**How to complete this task**
Nothing but the pictures should be left out when you copy the records exactly.

**Crawled caption data**

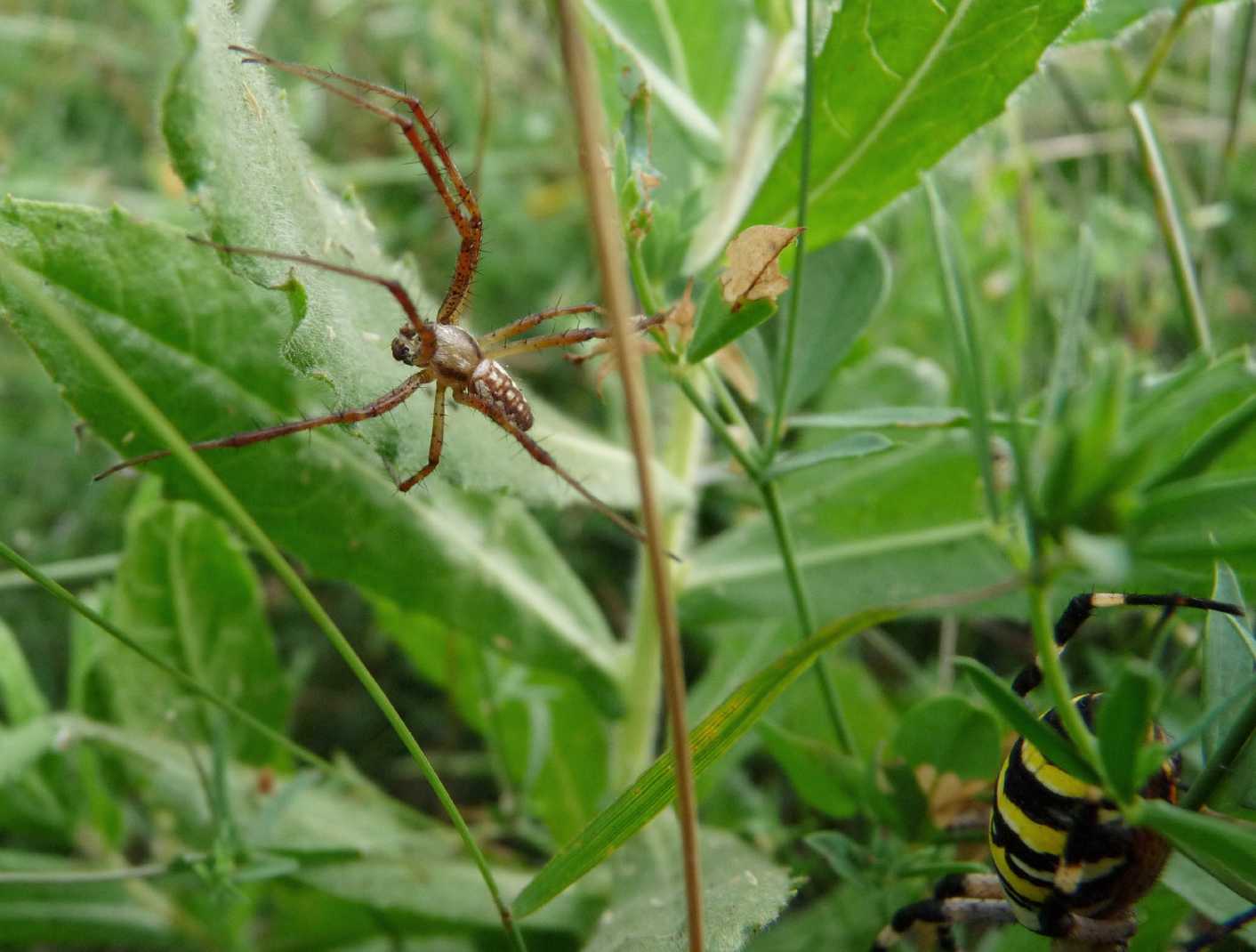 Il paradiso delll''Argiope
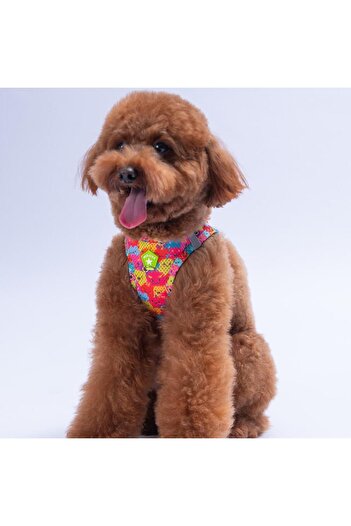 Pawstar Monsters Air-mesh Chest Collar Cat Dog Chest Collar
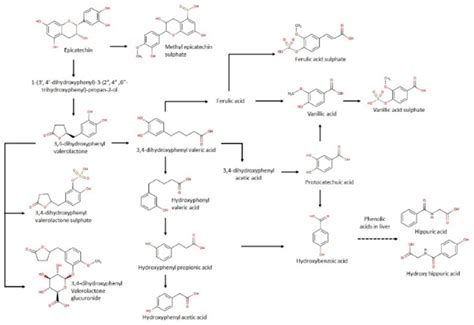 Proposed Metabolic Pathway Of Date Seed Polyphenols In Human Download Scientific Diagram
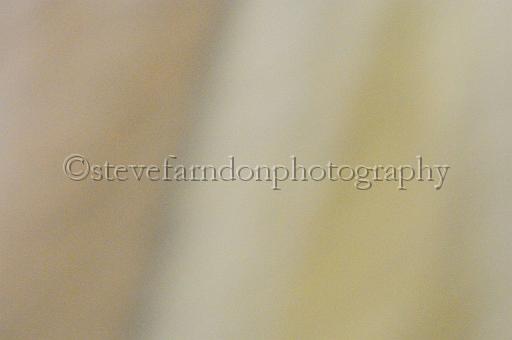 mayaction_849.JPG - (C)S.FARNDON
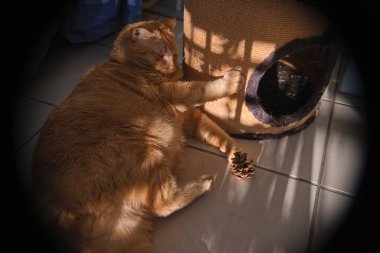 Kırmızı Avrupalı kedi bir kozalakla oynuyor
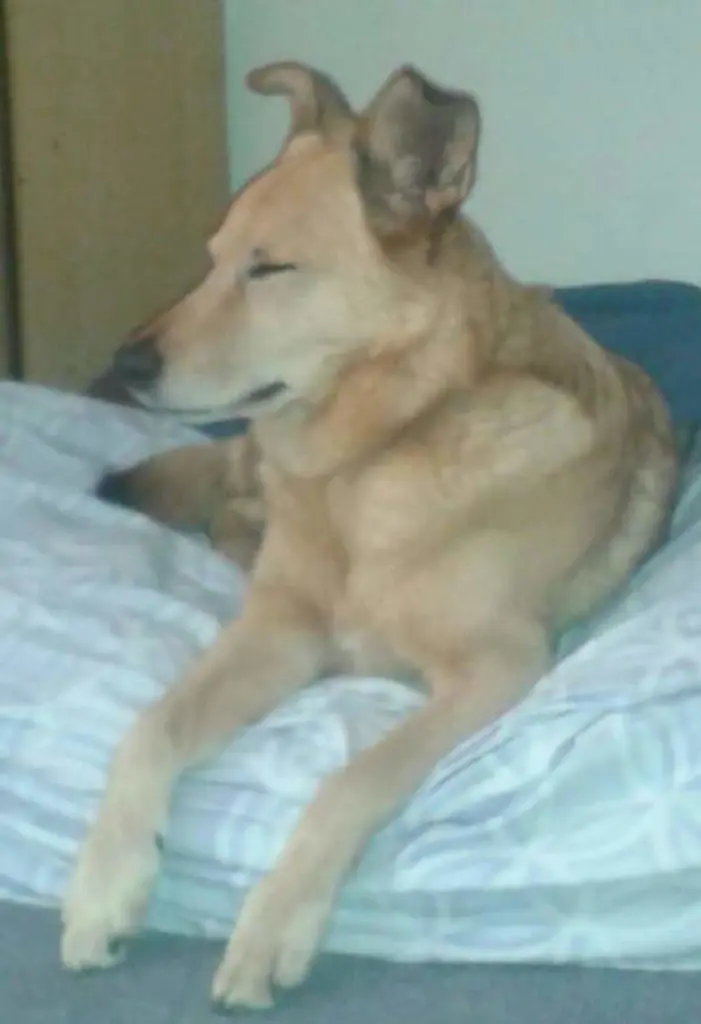 Image from Troja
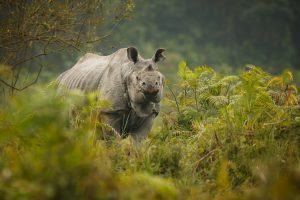 image_safari_12_days_bwindi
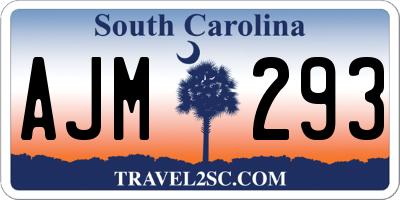 SC license plate AJM293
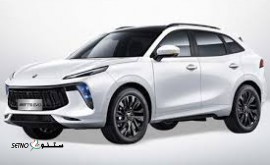 واردات لاماری ایما LAMARI EAMA/ تهران /امین تجارت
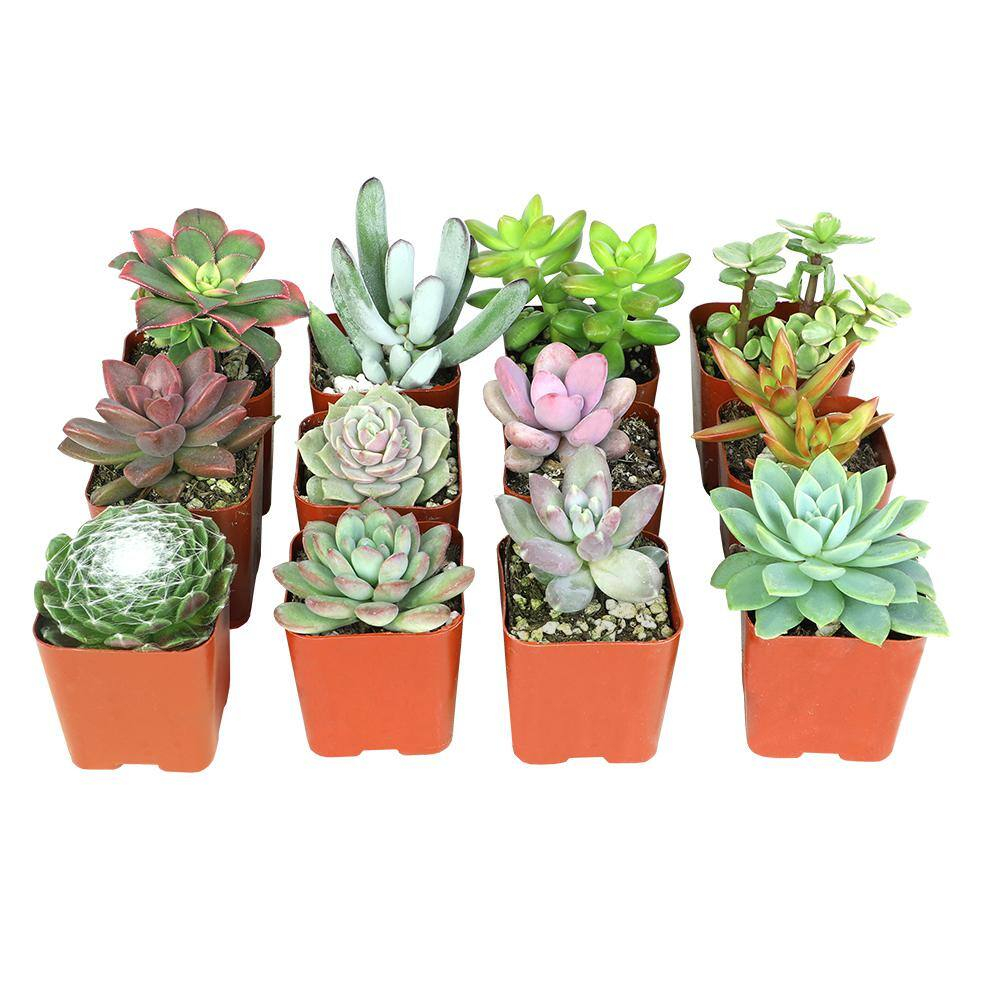 Element by Altman Plants 2" Multi-color Succulent Live Plants (12 Pack)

**Task answer**
 Il paradiso delll''Argiope
 Pawstar Monsters Air-mesh Chest Collar Cat Dog Chest Collar
 Proposed Metabolic Pathway Of Date Seed Polyphenols In Human Download Scientific Diagram
 mayaction_849.JPG - (C)S.FARNDON
 Kırmızı Avrupalı kedi bir kozalakla oynuyor
 Image from Troja
 image_safari_12_days_bwindi
 SC license plate AJM293
 واردات لاماری ایما LAMARI EAMA/ تهران /امین تجارت
 Element by Altman Plants 2" Multi-color Succulent Live Plants (12 Pack)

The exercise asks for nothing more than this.